With the Fire on High(11)



From my mom’s family I only keep in touch with her oldest sister, Aunt Sarah. She still lives in North Carolina and the only time I met her I was too young to remember: it was at my mom’s funeral. We used to only talk during random phone calls around the holidays, but ever since she got a smartphone a few years back we’ve begun emailing once or twice a month. She sends me family recipes when she has a moment to type them out, although she cooks the way I do: no actual measurements, only ingredients and partial directions. When I remix the recipes and make them my own, I send them back to her so she can see how her niece hooked it up. She’s invited me to come down south in the summer, but the summers are when Julio visits me, and after having Babygirl, I couldn’t imagine traveling so far with her or without her. But I hold this connection close, since Julio never talks about my mother, and ’Buela just didn’t know her well enough to tell me much. Sometimes Aunt Sarah’s recipes will include a tidbit about my mother trying that food for the first time.

My mother’s name was Nya, and I thought about making that Babygirl’s middle name, but it didn’t feel right, when I never knew her. I didn’t know what kind of future I would be handing down to my daughter by pressing a name on her from the past. ’Buela raised me pretty superstitious about things like that.

Can you miss someone you never met? Of course, the answer is yes. I’ve made up a story about who my mother was, and I miss that person whether it’s how my actual mom would have been or not. I imagine her patient, but strict. Someone who would paint her nails with me, and straighten my hair, and take me prom-dress shopping, but who would also demand good grades, and go to every parent-teacher conference, and wouldn’t just say my food was good, but give me tough criticism.

On my bedside is a picture of my mother and father holding hands. He’s wearing an Iverson jersey and she’s in straight-leg jeans and a bright-blue T-shirt with a smiley face over her large belly. I’m the lump under the smiley face. It’s the only picture I have of the three of us: my parents cheesin’ and in love and holding hands, and me fully formed inside her belly, knocking on the door of skin, impatient to get out before everyone left.





New Things


The next morning, even though it breaks my heart, I say goodbye to Babygirl and rush out the door as ’Buela gets her ready for school. It’s wild to miss someone so much, and yet in order to care for them you have to constantly say goodbye.

When I walk into Advisory Ms. Fuentes is passing out sheets of paper.

“Okay, on your desks you’ll see your revised schedules.”

Hmr—Advisory, Ms. Fuentes Engl—Advanced English, McCormack Math—Applied Math, Gaines Soc—US Government, Ulf

For Lang—Latin III, Gatlin Sci—Intermediate Physics, Ordway Elec—Culinary Arts: Spain Immersion, Ayden I was accepted into the class. The new boy, Malachi, stares out the window. I look back at the sheet. There’s my name at the top. My other classes are the same. I try to keep cool even though I’m so excited my hands shake.

“You’ll report for your first day of electives starting today. Let me know after class if you have any problems; now, take out the outline of your college essay. We still have fifteen minutes and we’ll use them to revise the themes of your essays.”

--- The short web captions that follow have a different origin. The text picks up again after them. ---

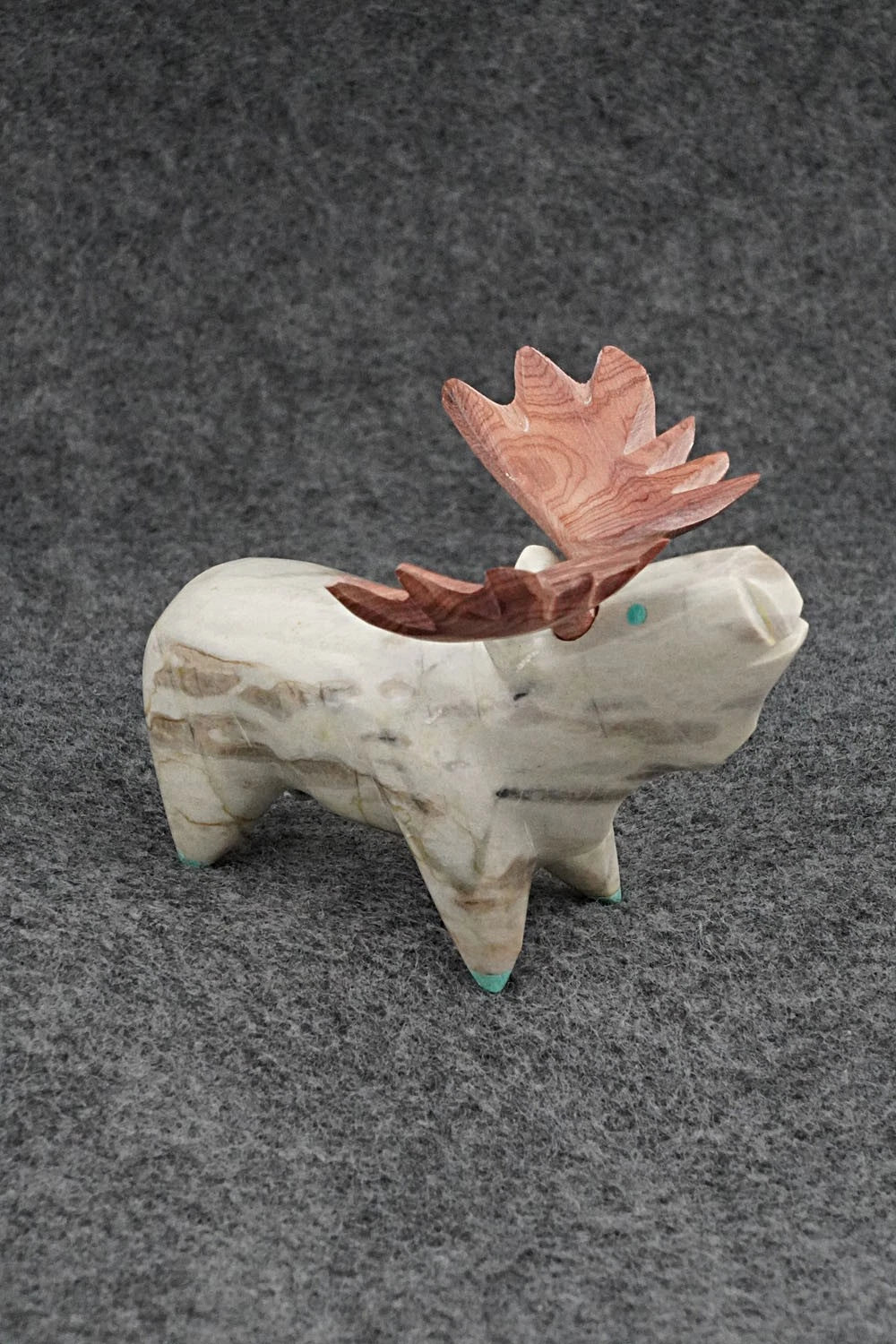 Moose Zuni Fetish Carving - Enrike Leekya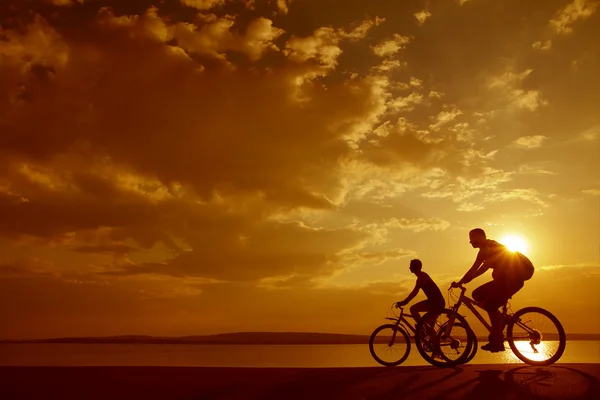 Amis sur les vélos au coucher du soleil — Photo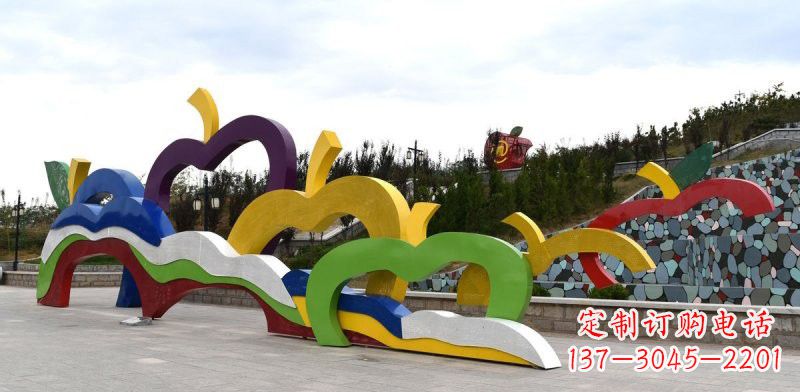 河南不锈钢彩色苹果雕塑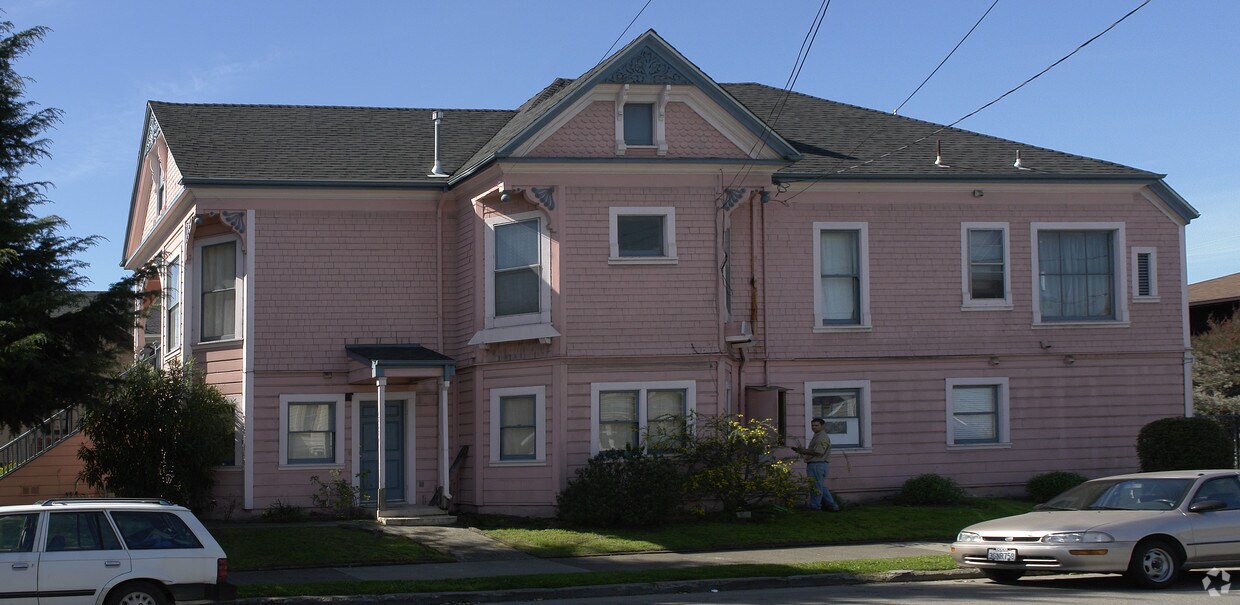 1727 Minturn St, Alameda, CA 94501 Apartments in Alameda, CA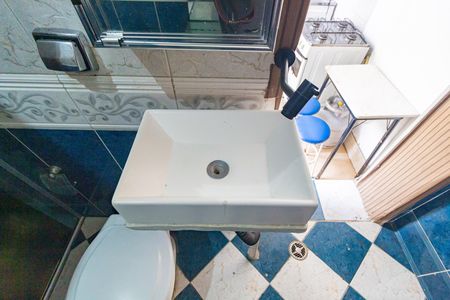 Detalhe - Banheiro de casa para alugar com 1 quarto, 20m² em Cambuci, São Paulo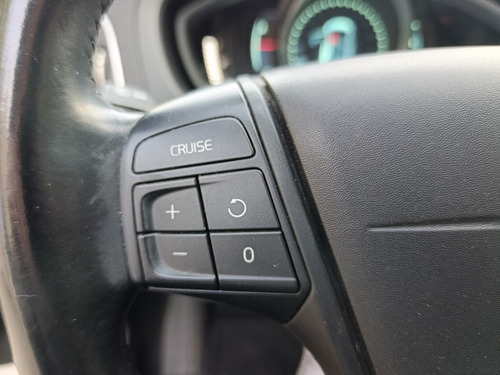 Volvo V40 2014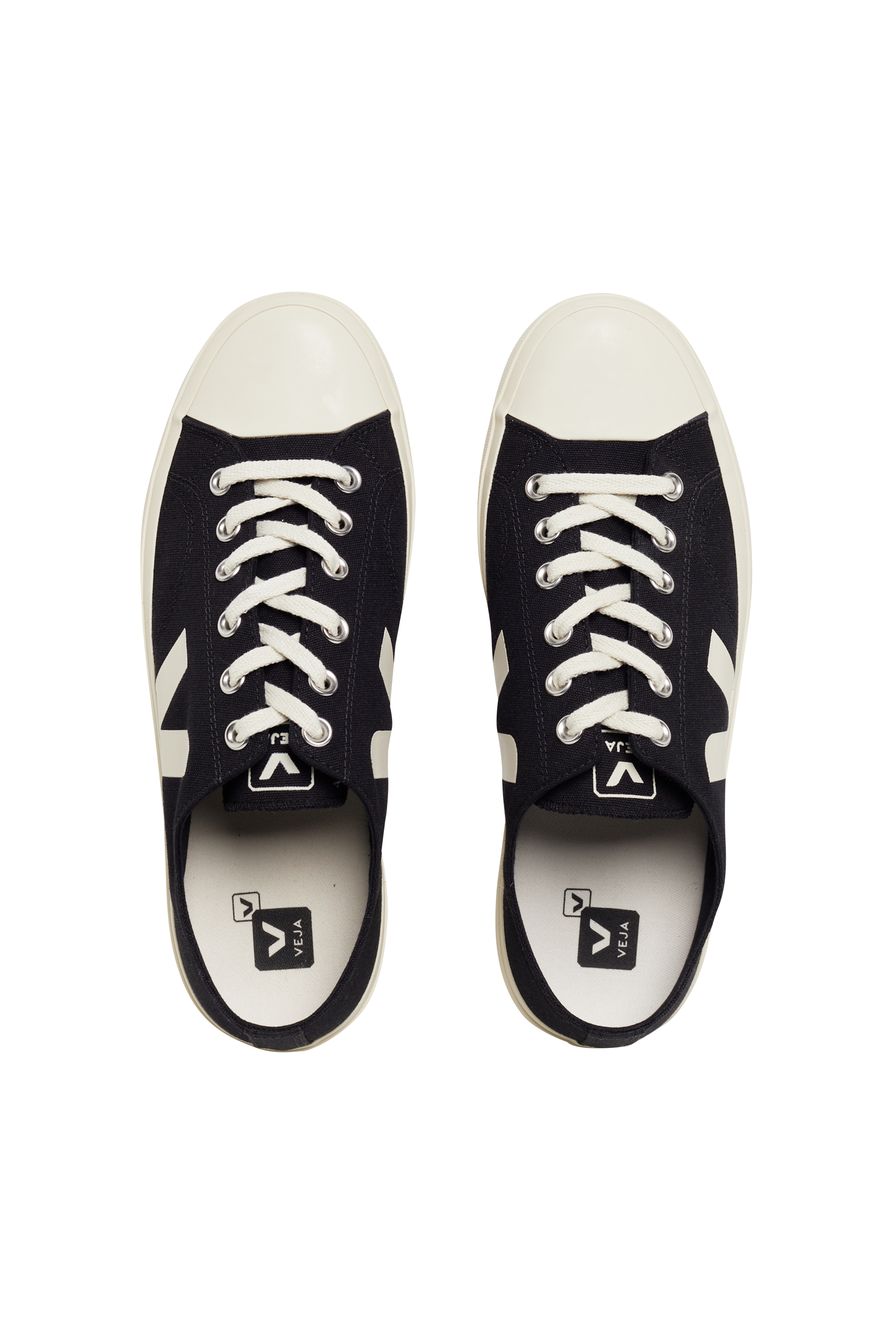 basket veja noir et doré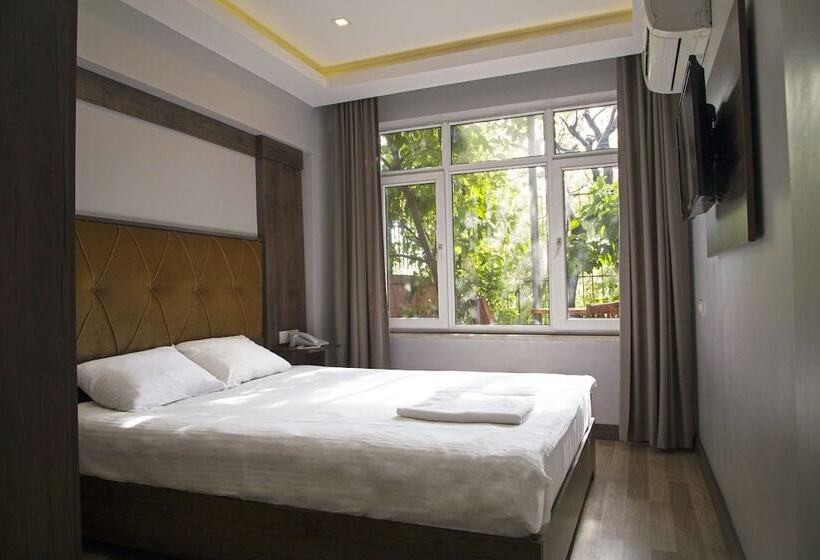 Delüks Oda, Bucoleon By Cheers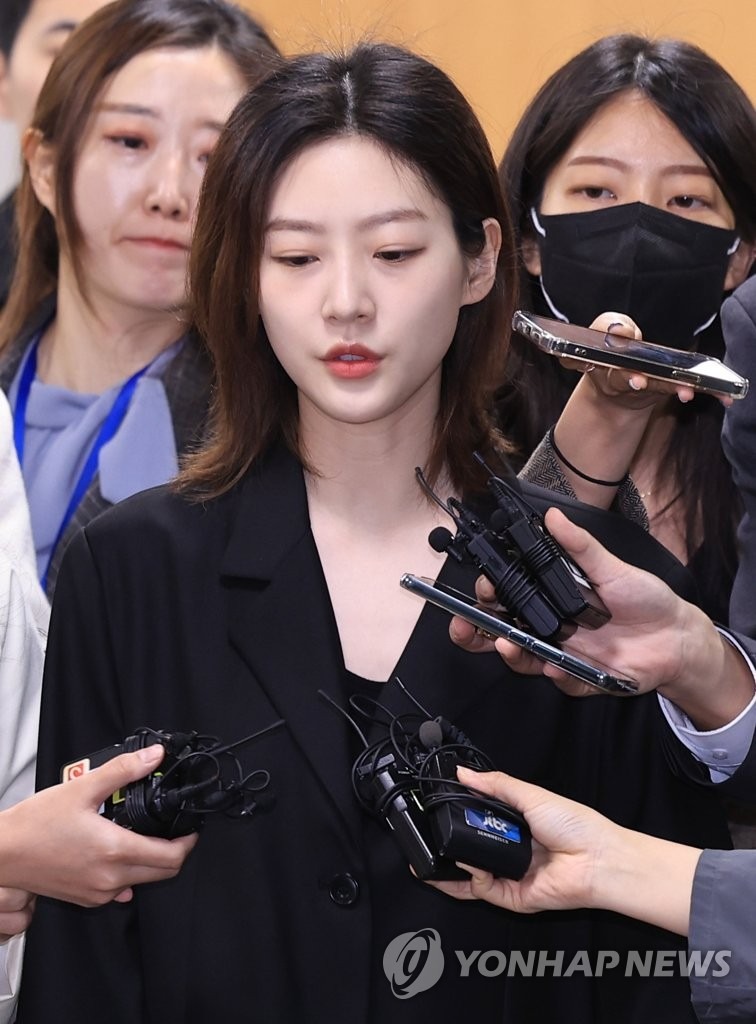 Đời buồn của Kim Sae Ron: 14 tuổi đã phải cho bố vay 9,6 tỷ đồng nhưng mất sạch- Ảnh 2.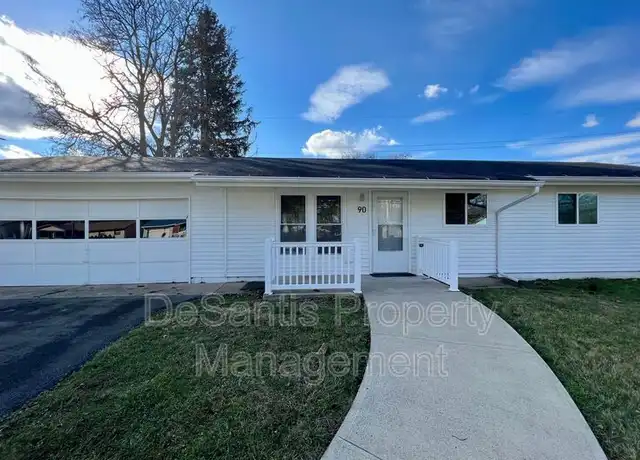 Property at 90 Robinhood Dr, Cranberry Township, PA, 16066, 4 beds, 2 baths, [object Object]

College Essay: First Draft


My father’s name is Julio. And like the warm-weather month he’s named after, he comes to visit once a year.

My grandmother says that my father couldn’t handle being a single parent after my mother died. That before that, my mother kept him in check, but he’d had an itch under his skin to return to his island. My grandmother and grandfather moved when he was only fourteen, and they say he didn’t adjust easily to the cold, the English, the way these streets were run so different from his own.

My grandmother chose to raise me when my father settled me onto her lap, asking her to watch me for a while, and then left the hospital. “A while” became seventeen years. It was in that exchange of my body from his hands to hers that the entire course of my life changed.

People say that you’re stuck with the family you’re born into. And for most people, that’s probably true. But we all make choices about people. Who we want to hold close, who we want to remain in our lives, and who we are just fine without. I choose not to dwell on my father’s rotating-door style of parenting, and instead reflect on my grandmother’s choice to not only bring me home from the hospital and raise me, but also to offer me a fighting chance.

The world is a turntable that never stops spinning; as humans we merely choose the tracks we want to sit out and the ones that inspire us to dance.





An Art Form


I try to keep myself from weeping when I first walk into the commercial-style kitchen. I’ve only ever seen a professional kitchen on TV and this one isn’t nearly as updated, but it’s still nicer than any kitchen I’ve ever been in. Against the far wall are two sets of double sinks and big metal cages full of mixing bowls, tongs, large wooden spoons, and serving utensils. Along the wall to my right are two full gas stoves and ovens. To my left, three massive fridges are framed by pantries that I assume hold dry ingredients. Pots and pans hang from the ceiling, hooked up like steel chandeliers. In the center of the room, five metal tables create a rectangle around a single table.